La situazione in Italia
In Italia il biennio 2023-2024 ha segnato un’accelerazione senza precedenti: le emissioni sono diminuite in media di oltre il 5%, l’efficienza energetica è migliorata del 3,4%, e sono stati installati 13,4 GW di nuova capacità rinnovabile, portando il totale nazionale oltre 74,5 GW. La dipendenza dal gas russo è crollata dal 40% del 2021 al 9,5% nel 2024, con nuovi contratti con l’Azerbaigian (+43%) e il forte aumento dell’import di GNL (+49,8%), oltre all’attivazione del rigassificatore di Piombino.
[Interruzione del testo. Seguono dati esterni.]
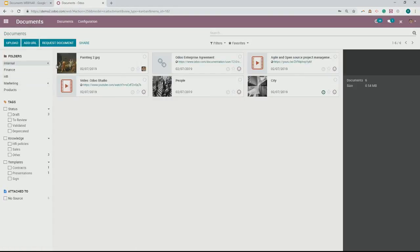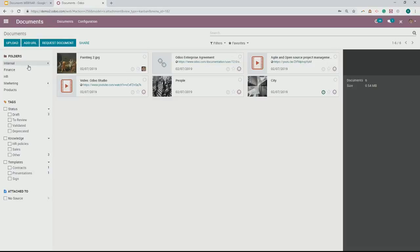That is our overview of the Odoo Documents application. Now we're going to open it up to a few questions. First question: do images used for the website builder or files we attach to transactions appear in documents? Only if you want them to — you can upload those documents into there. I can get more clarification on the images used in the website builder, but you would upload those documents and create a folder for what images you have on your website. Second question: is DMS available in the community version? I'm not sure — I primarily work in the enterprise version. If you'd like to shoot me an email, I'd be happy to send you something about what's available in the community version.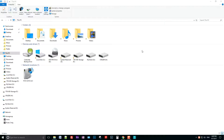Hey everyone, it's Rusty with Easy Home Inspection Software. In this video I'm going to show you how to make a copy of your software as a backup so you can keep your comment libraries and templates when you install a new version.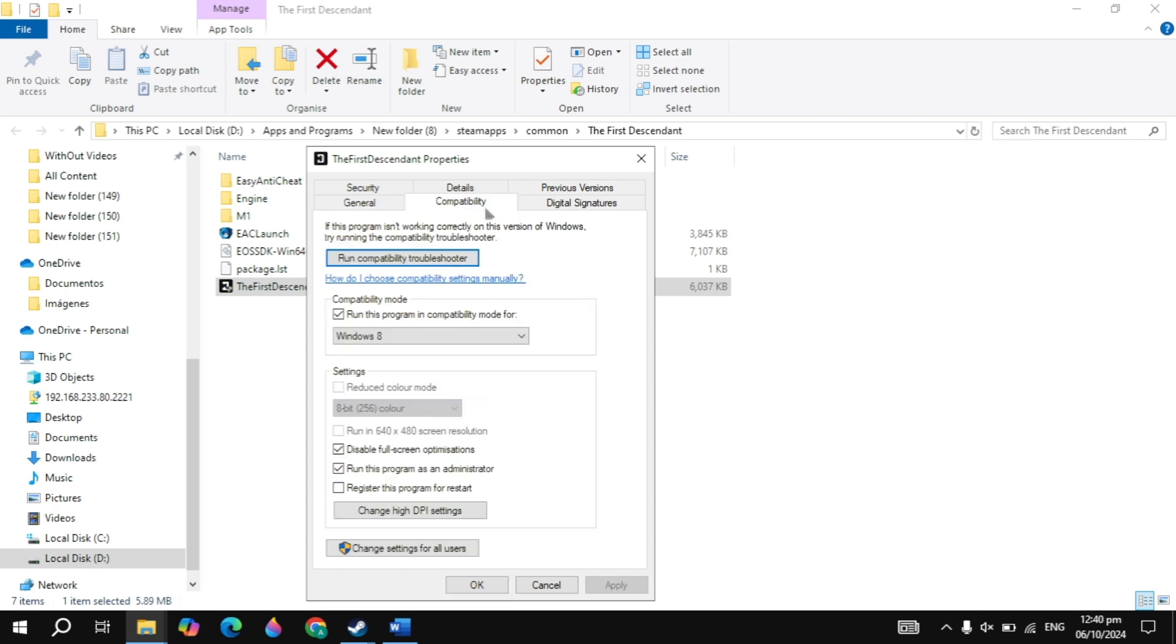Then just click on compatibility. Now here just uncheck the box of compatibility mode and just check this box of run the program as an administrator. And then just click on apply. Now launch the game, then check if the problem is fixed or not.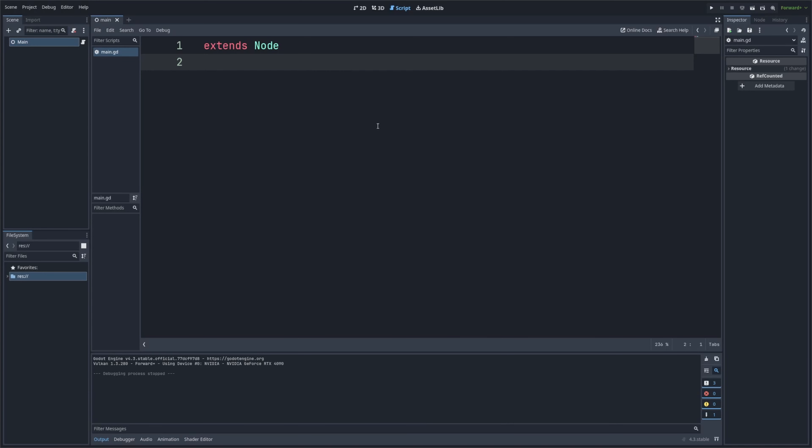Hey everyone, welcome back to Code to the Row, where we're learning how to code in GDScript using the Godot engine. In today's lesson, we're going to dive into strings and how to work with them in GDScript.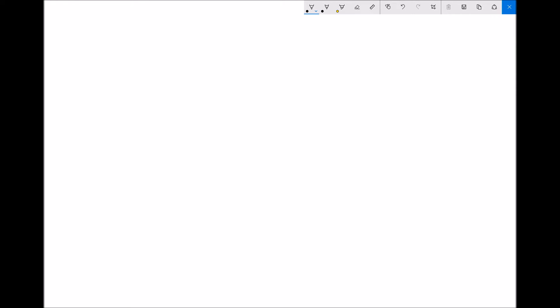The first operation we said we were allowed to perform was adding a number to each side of an equation and subtracting a number from each side of an equation. Let's look at a couple of examples. We might have an equation of the form 7 equals x minus 3. Because the equation is balanced, x minus 3 equals 7 — they're equivalent. What we need to look at is what function we would need to perform to the left and right hand side of that equation to strip everything away and leave x on its own.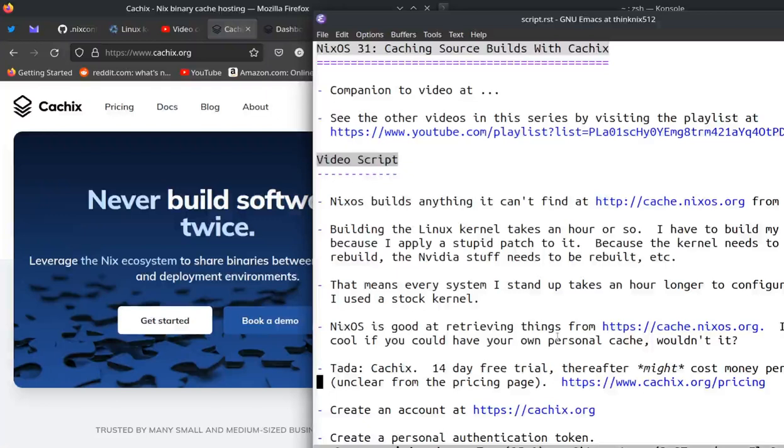We're 31 already. We're actually much older than that, but this is NixOS number 31, caching source builds with CacheX.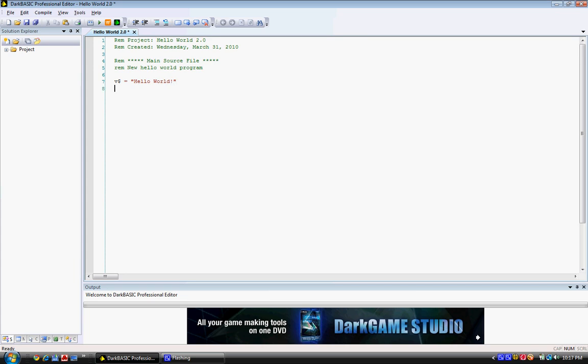And now, let's go back to the print command. Type in print. And we're not going to do anything inside quotation marks at this point. We're just going to say print V$. And wait key, just like we did before. Run the program.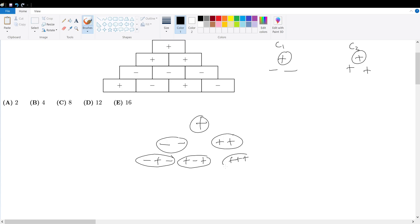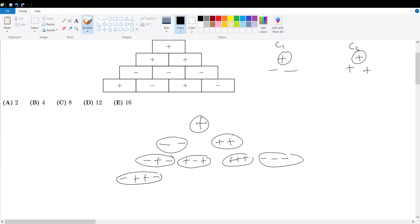Going down this row: positive-negative means we can have negative-positive — the positive has to be a positive and that has to be a negative. Or we can have positive-negative-negative-positive if we go down that column.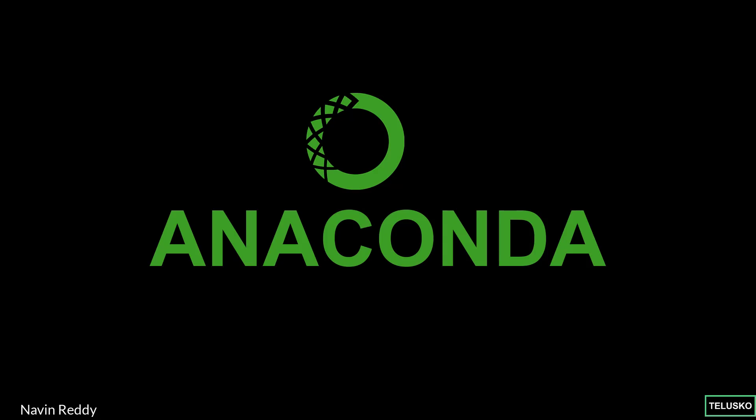Welcome back to Aliens. My name is Navin Reddy and in this video we will see how do you install Anaconda.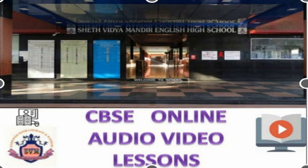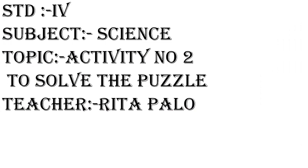This is a remote learning initiative for Diyamandir English High School Vasite East. This is your activity number 2, and the activity's name is to solve the puzzle. This is something different that you will be experiencing, and it will give a lot of fun to you while solving the problem.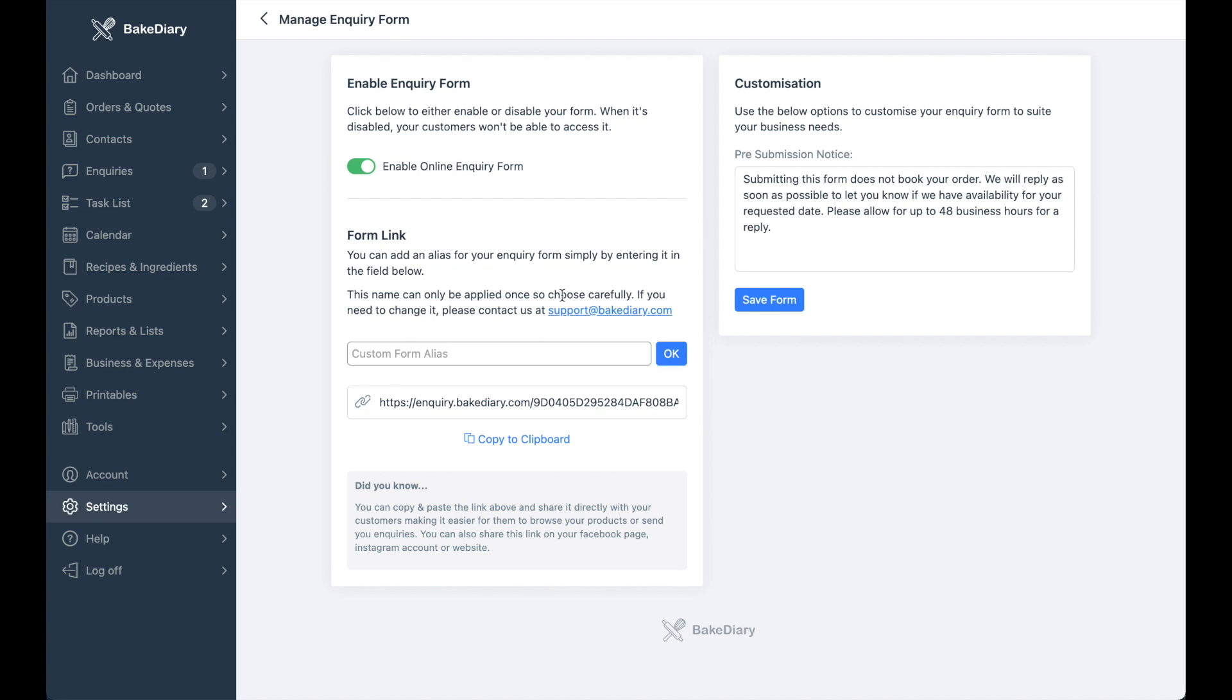The next thing you have is the ability to create a custom form alias. Now what this means is, as you can currently see, your URL or your web address has a long number underneath it. But in order to make it easier to remember and share with your customers, you can simply rename it. As an example would be just cakes.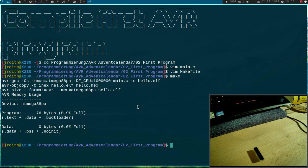So this is how to compile a first sample program for the AVR microcontroller. And I hope I will see you tomorrow. Bye.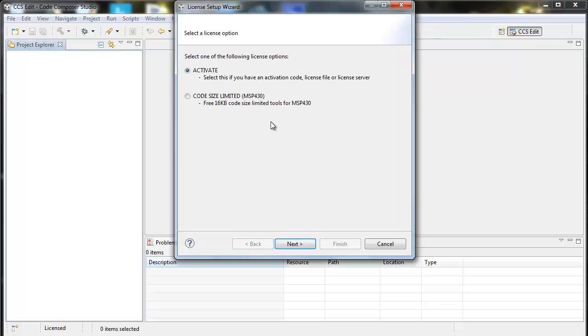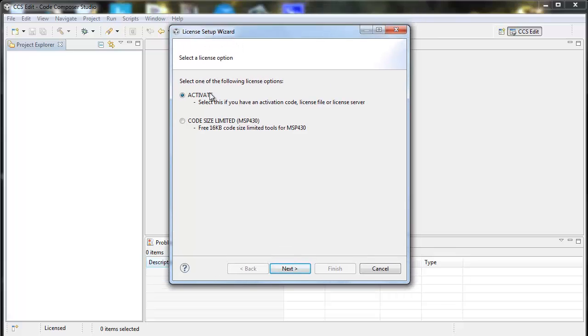Launch License Setup. I see that I have two different options here. I'm using the free license so I can activate a license or I can switch to the Code Size Limited license.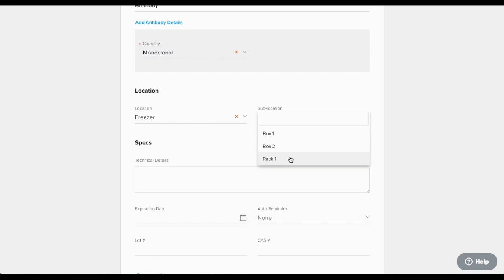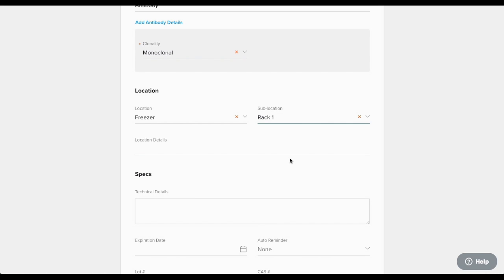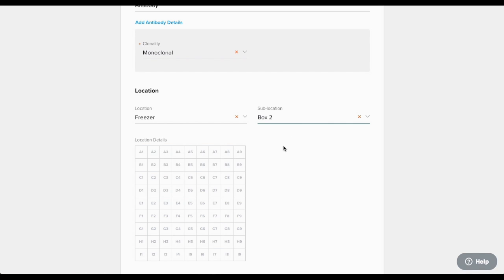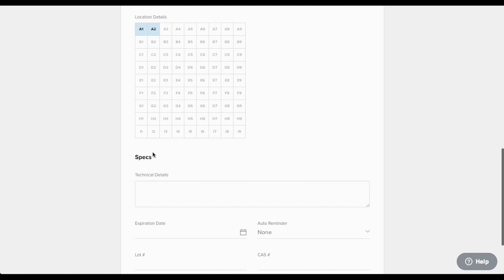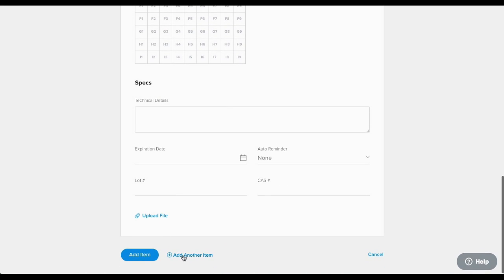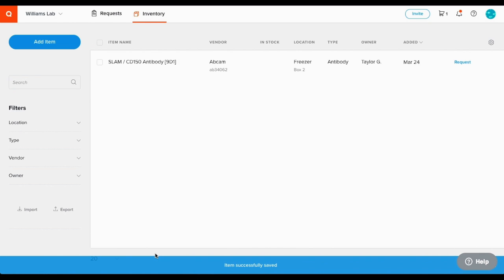For instance, I could put this item on a rack which looks like this, or I can put an item in a freezer box like this box 2 which is interactive. We're all set here, so click add another item to add another item or just click the add item button and there's the item in my inventory.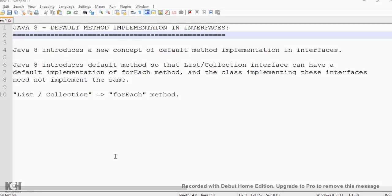Hi friends, in this video I am going to talk about the default method implementation in interfaces in Java 8.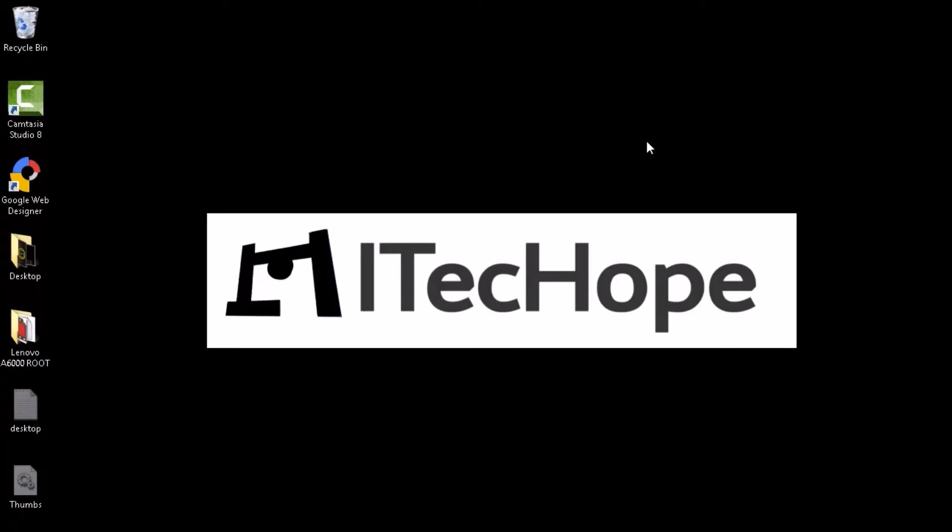Namaste guys, welcome to IT Hope. Today I will be showing you how to root your Lenovo A6000. So let's get started with it.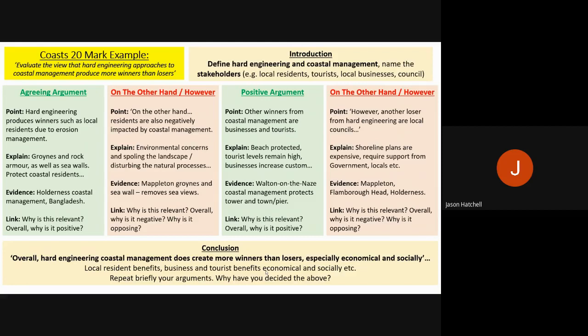Then you briefly repeat your arguments and that is your 20 mark question answered. Hopefully you found those two 20 mark examples useful. We will now move on to a final roundup of all the main points covered.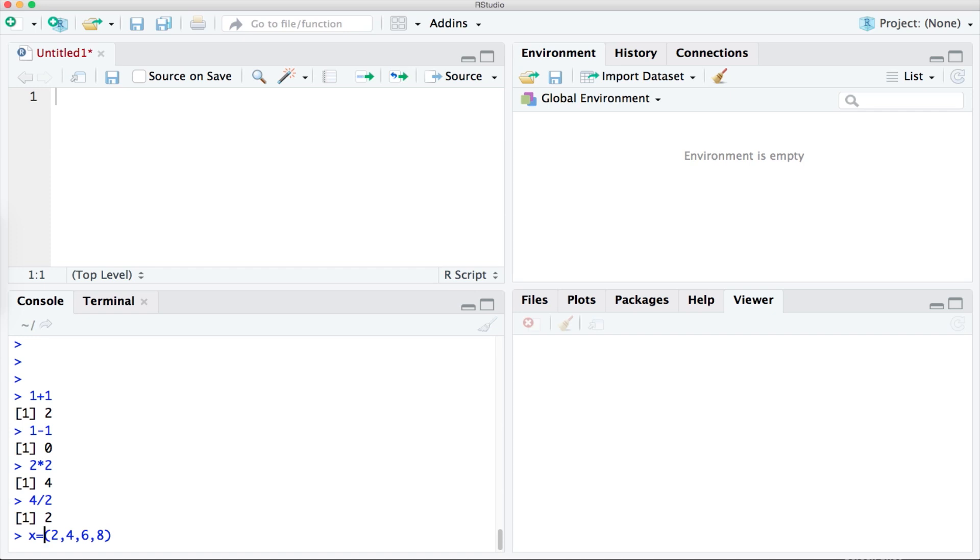And finally we need to tell RStudio that these numbers are a group. And to do that we use the letter c.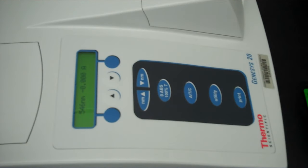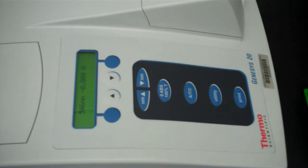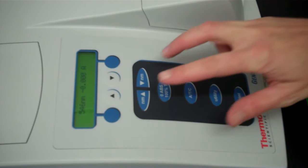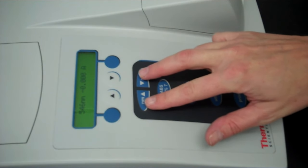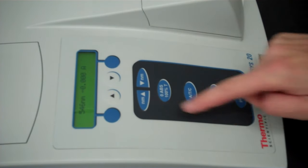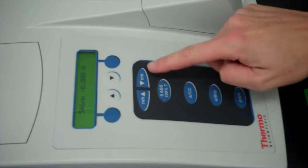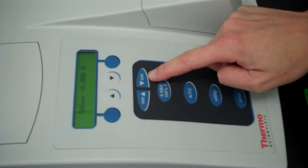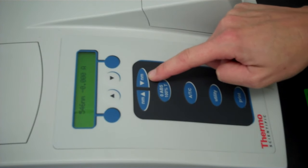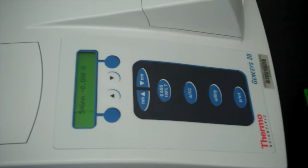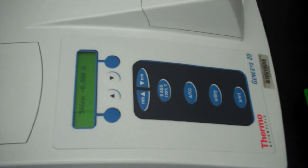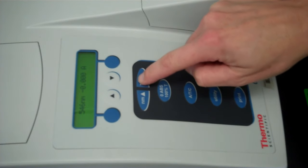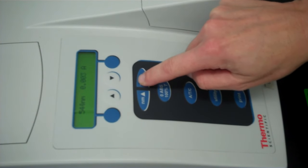Once it is initialized it is time to set the wavelength that you're going to be using and to blank the machine. In order to set the wavelength you use these two buttons here that say NM arrow up or NM arrow down. For this demonstration I'm going to set the spectrophotometer to 540 nanometers by pressing on the NM down.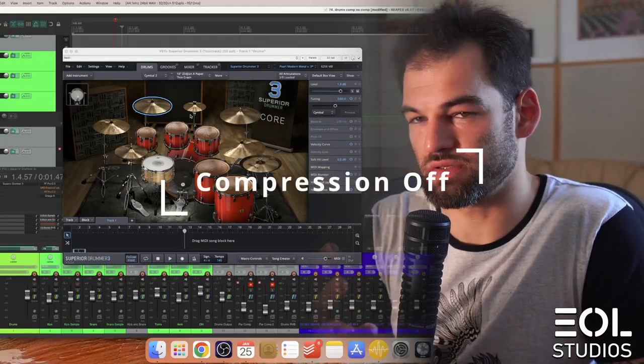In this video I'm going to walk you through the session where we mixed programmed modern metal drums and you can learn the compression side of it. Let's do it.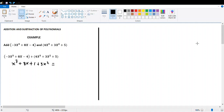The first term of the first polynomial is negative 3x cubed, and the like term in the second polynomial is 4x cubed. Negative 3x cubed plus 4x cubed is x cubed. Since 8x doesn't have a like term in the second polynomial, write it exactly as is. And negative 4 plus 5 is positive 1.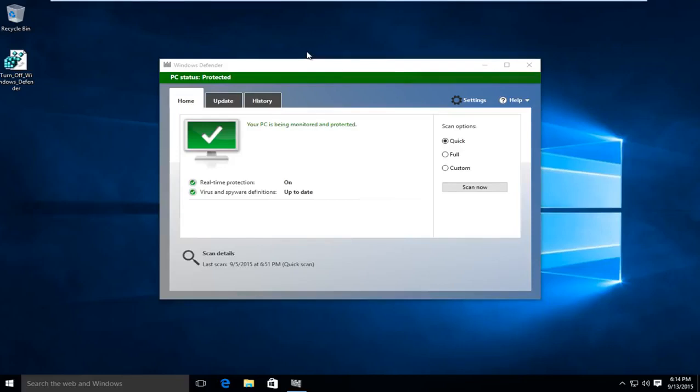Hello everyone, this is MD Tech here for another tutorial. Today I will be showing how to permanently disable Windows Defender in Windows 10.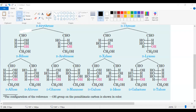So glucose is right, left, right — that is correct. Right, left, right. When you write on the ring, it should be down, up, down. Right translates to down in the Haworth and chair projection.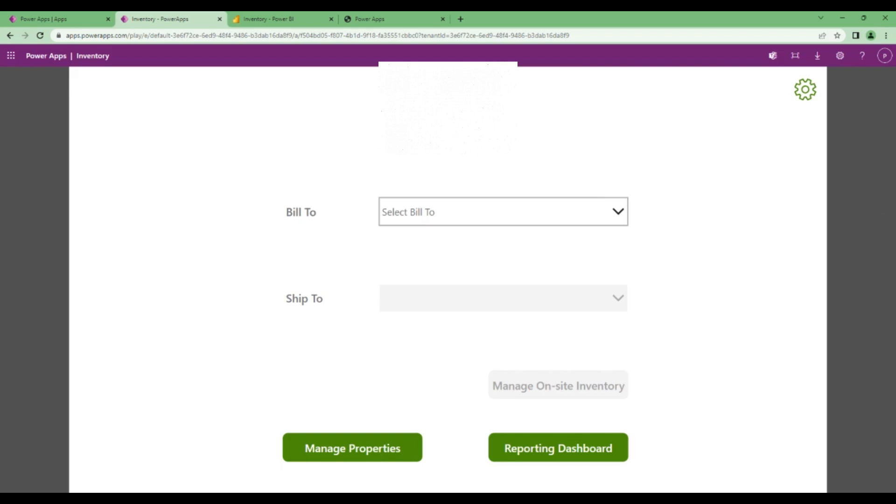This is our whole application, this is how we use it. All the data is being saved in the SharePoint list, and we also have a Power BI report to visualize based on the whole data. That's about the usage of this application. Thank you.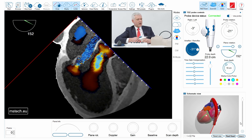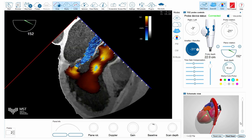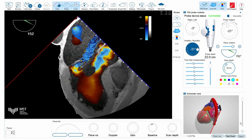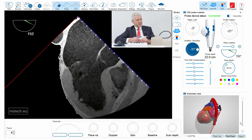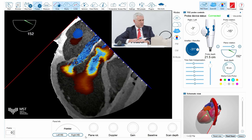I activate color mode and change the baseline to approximately 40 centimeters per second Nyquist limit. You can then see a nice PISA. I stop the image, select the frame, and measure the PISA diameter using the measurement function — placing one marker here and the other on the PISA. It measures approximately one centimeter in PISA diameter.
La diversificazione ha ridotto anche la concentrazione geografica delle forniture di combustibili fossili.
La domanda energetica complessiva cala dell’1%. Il rallentamento si concentra soprattutto nei settori ETS, dove le emissioni della generazione elettrica tornano a salire a 62,2 MtCO₂eq (+3,9%).
Per le Pmi l’opzione green non è più solo reputazionale
Nei settori ESR, la riduzione prosegue ma a ritmi troppo lenti. I trasporti scendono dell’1,3%, mentre il settore civile torna a crescere (+2,2%) per un maggior utilizzo del gas per il riscaldamento.
Secondo le previsioni, il ritorno su una traiettoria più solida sarebbe favorito dall’aumento della produzione da rinnovabili elettriche, che nel 2027 potrebbe raggiungere 149 TWh, con un fotovoltaico in espansione fino a 63,5 TWh.
L’accesso ai finanziamenti tende a favorire imprese con progetti di riduzione dei consumi, efficientamento o riconversione energetica. Per molte Pmi significa che la transizione non è più un’opzione reputazionale, ma una condizione necessaria per mantenere competitività sui mercati.